The choice of what to count — residue or inter-residue positions — has significant semantic implications for the interpretation of coordinates. Although inter-residue coordinates and the “0-based” residue coordinates are often numerically identical, we favor “inter-residue” to emphasize the meaning of these coordinates.
When humans refer to a range of residues within a sequence, the most common convention is to use an interval of ordinal residue positions in the sequence. While natural for humans, this convention has several shortcomings when dealing with sequence variation.
For example, interval coordinates are interpreted as exclusive coordinates for insertions, but as inclusive coordinates for substitutions and deletions; in effect, the interpretation of coordinates depends on the variant type, which is an unfortunate coupling of distinct concepts.
The VRS collaborators investigated numerous options for modelling data, generating code, and writing the wire protocol. Required and desired selection criteria included:
language-neutral – or at least C/C++, java, python
high-quality code generation
- supported constructs and data types
lists, maps, and maps of lists/maps
protocol versioning (but not necessarily automatic adaptation)
Initial versions of the VRS logical model were implemented in UML, protobuf, and swagger/OpenAPI, and JSON Schema. We have implemented our schema in JSON Schema. Nonetheless, it is anticipated that some adopters of the VRS logical model may implement the specification in other protocols.
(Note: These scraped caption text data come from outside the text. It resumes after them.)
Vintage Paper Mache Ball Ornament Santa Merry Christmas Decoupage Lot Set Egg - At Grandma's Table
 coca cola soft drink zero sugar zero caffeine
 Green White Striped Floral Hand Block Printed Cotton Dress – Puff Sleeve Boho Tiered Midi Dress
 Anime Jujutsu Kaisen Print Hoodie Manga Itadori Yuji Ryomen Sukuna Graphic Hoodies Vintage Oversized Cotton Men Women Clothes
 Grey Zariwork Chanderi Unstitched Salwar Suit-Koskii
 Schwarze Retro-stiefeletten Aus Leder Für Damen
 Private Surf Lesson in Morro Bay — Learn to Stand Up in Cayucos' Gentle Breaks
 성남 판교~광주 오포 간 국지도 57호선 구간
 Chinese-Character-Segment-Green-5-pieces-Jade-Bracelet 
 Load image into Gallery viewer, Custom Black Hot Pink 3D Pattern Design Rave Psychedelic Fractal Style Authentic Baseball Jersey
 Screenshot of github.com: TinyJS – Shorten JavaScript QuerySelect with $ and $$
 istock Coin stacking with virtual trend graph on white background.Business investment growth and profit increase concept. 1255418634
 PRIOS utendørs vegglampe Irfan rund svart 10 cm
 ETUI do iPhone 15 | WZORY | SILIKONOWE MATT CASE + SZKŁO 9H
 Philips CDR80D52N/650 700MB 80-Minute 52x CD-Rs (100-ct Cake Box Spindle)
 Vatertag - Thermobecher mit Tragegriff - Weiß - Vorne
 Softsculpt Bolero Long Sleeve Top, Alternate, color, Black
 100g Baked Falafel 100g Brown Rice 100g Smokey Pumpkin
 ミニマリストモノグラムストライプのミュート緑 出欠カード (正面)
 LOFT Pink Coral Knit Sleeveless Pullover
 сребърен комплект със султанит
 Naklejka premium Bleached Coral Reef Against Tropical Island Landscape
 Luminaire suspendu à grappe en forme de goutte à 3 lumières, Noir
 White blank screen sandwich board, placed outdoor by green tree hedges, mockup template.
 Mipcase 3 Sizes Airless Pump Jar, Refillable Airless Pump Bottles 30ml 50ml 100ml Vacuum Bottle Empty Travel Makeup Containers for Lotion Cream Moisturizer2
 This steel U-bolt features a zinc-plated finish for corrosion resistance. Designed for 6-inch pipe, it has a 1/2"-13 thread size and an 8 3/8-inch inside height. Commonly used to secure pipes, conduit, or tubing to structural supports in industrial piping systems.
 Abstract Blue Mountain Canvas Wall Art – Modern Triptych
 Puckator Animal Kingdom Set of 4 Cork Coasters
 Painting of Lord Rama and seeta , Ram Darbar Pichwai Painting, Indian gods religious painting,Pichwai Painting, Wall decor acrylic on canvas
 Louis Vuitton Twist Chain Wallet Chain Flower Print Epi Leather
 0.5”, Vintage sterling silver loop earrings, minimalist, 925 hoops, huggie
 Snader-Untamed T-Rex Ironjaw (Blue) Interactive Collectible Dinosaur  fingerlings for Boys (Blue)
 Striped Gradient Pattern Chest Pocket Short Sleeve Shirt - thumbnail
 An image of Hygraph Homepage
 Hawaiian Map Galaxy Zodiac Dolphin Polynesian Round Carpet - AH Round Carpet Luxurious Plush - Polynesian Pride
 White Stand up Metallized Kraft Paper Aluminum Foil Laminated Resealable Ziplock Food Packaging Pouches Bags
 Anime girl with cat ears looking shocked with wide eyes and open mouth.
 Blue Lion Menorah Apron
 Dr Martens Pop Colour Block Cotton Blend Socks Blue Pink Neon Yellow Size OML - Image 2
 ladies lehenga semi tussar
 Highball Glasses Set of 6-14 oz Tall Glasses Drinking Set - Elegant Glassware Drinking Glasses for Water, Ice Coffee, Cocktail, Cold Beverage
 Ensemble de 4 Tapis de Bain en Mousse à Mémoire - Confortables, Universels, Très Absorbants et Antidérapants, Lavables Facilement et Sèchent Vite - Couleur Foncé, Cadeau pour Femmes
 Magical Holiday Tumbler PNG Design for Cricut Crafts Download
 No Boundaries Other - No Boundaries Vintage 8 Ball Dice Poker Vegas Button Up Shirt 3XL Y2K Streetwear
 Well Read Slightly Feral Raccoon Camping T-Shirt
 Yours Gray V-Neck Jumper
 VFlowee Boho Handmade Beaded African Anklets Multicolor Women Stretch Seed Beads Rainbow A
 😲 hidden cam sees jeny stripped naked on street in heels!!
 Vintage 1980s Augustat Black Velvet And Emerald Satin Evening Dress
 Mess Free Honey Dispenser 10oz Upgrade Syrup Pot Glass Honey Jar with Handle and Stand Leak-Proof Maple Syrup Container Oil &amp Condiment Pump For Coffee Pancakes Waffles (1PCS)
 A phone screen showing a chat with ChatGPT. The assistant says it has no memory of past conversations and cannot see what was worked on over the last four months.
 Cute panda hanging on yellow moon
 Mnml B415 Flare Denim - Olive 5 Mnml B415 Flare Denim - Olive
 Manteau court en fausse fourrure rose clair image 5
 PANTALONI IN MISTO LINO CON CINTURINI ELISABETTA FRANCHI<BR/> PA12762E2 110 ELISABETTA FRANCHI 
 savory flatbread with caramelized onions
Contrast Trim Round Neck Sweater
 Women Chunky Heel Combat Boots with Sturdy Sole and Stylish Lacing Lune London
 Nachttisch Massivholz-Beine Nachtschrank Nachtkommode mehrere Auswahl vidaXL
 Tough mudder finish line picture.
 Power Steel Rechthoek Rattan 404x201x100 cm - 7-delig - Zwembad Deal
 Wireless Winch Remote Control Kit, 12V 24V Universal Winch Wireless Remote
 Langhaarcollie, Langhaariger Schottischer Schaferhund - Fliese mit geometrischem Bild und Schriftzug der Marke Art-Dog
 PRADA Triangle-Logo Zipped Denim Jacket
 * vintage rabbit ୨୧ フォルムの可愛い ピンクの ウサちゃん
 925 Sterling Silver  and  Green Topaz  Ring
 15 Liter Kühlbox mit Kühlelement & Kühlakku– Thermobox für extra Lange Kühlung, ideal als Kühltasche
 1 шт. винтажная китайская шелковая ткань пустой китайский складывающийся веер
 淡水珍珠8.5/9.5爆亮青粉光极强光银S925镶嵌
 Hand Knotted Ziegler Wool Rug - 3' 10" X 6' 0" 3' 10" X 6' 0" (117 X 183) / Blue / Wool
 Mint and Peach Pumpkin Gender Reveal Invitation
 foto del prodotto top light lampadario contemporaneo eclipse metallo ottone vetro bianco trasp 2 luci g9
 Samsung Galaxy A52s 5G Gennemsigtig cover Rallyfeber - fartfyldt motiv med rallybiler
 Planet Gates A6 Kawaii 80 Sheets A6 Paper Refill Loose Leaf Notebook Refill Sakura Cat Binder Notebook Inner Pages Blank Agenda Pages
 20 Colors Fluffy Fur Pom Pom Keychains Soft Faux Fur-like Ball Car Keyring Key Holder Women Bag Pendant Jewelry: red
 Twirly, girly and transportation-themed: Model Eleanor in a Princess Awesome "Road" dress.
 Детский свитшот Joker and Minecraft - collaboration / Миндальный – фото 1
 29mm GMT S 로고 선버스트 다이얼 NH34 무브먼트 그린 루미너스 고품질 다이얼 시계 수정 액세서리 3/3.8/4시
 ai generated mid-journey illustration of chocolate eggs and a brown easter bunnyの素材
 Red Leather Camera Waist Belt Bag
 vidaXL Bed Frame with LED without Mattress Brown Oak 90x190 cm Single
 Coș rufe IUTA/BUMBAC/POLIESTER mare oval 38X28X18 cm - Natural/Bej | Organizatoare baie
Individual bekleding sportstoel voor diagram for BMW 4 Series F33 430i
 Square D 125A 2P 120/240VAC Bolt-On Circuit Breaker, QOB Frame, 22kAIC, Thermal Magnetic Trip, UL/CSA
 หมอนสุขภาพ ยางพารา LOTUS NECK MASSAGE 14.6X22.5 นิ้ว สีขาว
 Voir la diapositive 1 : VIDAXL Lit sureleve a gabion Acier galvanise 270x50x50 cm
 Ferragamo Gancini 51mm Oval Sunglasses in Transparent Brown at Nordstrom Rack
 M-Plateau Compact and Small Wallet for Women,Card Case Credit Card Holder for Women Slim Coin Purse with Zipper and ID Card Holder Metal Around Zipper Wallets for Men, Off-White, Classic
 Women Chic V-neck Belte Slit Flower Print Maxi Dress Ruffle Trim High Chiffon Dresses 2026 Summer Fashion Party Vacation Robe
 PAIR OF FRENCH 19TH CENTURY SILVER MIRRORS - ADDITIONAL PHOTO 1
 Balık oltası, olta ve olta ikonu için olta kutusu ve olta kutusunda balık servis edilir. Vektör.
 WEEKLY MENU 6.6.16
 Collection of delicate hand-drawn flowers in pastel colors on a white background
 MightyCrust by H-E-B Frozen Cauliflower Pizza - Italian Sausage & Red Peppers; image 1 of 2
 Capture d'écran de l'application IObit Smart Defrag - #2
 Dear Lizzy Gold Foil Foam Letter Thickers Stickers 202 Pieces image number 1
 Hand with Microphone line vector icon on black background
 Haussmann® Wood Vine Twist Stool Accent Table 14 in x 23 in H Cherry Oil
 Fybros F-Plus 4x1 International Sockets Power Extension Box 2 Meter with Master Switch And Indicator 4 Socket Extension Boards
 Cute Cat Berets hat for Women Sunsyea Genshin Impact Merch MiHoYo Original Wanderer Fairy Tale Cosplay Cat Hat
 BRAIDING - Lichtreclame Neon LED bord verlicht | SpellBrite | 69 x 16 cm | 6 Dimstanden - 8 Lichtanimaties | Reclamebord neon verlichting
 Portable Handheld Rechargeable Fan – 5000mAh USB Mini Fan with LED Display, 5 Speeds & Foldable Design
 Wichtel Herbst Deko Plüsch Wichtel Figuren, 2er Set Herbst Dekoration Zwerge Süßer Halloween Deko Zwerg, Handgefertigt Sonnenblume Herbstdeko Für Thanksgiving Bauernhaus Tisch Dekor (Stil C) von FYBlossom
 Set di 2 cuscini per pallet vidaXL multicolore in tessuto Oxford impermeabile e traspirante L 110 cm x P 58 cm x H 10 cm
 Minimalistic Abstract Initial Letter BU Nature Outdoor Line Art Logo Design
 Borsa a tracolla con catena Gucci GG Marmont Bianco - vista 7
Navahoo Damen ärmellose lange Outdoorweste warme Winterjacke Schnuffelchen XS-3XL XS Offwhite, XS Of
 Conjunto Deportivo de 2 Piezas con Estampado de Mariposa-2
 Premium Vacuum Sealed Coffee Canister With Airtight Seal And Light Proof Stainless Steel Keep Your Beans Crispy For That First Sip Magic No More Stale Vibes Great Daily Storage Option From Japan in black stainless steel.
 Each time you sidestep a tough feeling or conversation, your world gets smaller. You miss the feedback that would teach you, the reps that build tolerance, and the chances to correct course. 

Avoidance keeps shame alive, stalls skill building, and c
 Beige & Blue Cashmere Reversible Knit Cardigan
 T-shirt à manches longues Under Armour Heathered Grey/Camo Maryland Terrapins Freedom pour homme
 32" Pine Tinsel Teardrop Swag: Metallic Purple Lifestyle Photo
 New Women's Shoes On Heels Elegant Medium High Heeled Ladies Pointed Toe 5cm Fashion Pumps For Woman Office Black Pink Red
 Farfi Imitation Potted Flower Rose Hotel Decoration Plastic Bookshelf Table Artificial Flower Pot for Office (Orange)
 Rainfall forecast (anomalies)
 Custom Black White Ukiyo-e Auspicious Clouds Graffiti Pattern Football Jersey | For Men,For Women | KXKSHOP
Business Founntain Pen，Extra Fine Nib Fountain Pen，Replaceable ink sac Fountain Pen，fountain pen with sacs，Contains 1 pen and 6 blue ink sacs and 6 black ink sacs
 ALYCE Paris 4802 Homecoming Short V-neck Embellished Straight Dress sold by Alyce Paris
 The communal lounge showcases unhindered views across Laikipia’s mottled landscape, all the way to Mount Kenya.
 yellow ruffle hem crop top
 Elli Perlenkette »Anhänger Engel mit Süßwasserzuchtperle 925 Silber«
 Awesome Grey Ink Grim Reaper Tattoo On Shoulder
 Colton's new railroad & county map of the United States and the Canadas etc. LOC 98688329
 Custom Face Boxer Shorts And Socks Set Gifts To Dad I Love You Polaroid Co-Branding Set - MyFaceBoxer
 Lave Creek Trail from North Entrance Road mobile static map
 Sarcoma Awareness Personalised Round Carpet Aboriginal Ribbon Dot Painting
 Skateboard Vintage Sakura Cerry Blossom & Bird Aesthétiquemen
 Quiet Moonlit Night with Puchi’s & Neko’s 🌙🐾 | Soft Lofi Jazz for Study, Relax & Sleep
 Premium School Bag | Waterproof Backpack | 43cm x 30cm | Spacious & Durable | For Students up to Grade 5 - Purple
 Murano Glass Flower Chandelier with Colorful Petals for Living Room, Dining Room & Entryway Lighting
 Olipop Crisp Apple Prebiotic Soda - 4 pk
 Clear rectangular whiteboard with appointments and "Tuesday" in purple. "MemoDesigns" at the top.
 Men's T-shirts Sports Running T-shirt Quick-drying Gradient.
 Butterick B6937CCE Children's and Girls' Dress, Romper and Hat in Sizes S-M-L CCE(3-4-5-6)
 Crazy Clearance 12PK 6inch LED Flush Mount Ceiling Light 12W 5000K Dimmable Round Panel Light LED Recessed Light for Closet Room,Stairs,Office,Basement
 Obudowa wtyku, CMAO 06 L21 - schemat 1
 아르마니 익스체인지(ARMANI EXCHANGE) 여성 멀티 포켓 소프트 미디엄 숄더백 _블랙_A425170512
There are many packages and proposals that aspire to a canonical form for json in many languages. Despite this, there are no ratified or de facto winners. Many packages have similar names, which makes it difficult to discern whether they are related or not (often not). Although some packages look like good single-language candidates, none are ready for multi-language use. Many seem abandoned. The need for a canonical json form is evident, and there was at least one proposal for an ECMA standard.
Therefore, we implemented our own serialization format, which is very similar to Gibson Canonical JSON (not to be confused with OLPC Canonical JSON).
Not using External Chromosome Declarations¶
In ChromosomeLocation, the tuple <species,chromosome name> refers an archetypal chromosome for the species. WikiData and MeSH provide such definitions (e.g., Human Chr 1 at WikiData and MeSH) and were considered, and rejected, for use in VRS. Both ontologies were anticipated to increase complexity that was not justified by the benefit to VRS. In addition, data in WikiData are crowd-sourced and therefore potentially unstable, and the species coverage in MeSH was insufficient for anticipated VRS uses.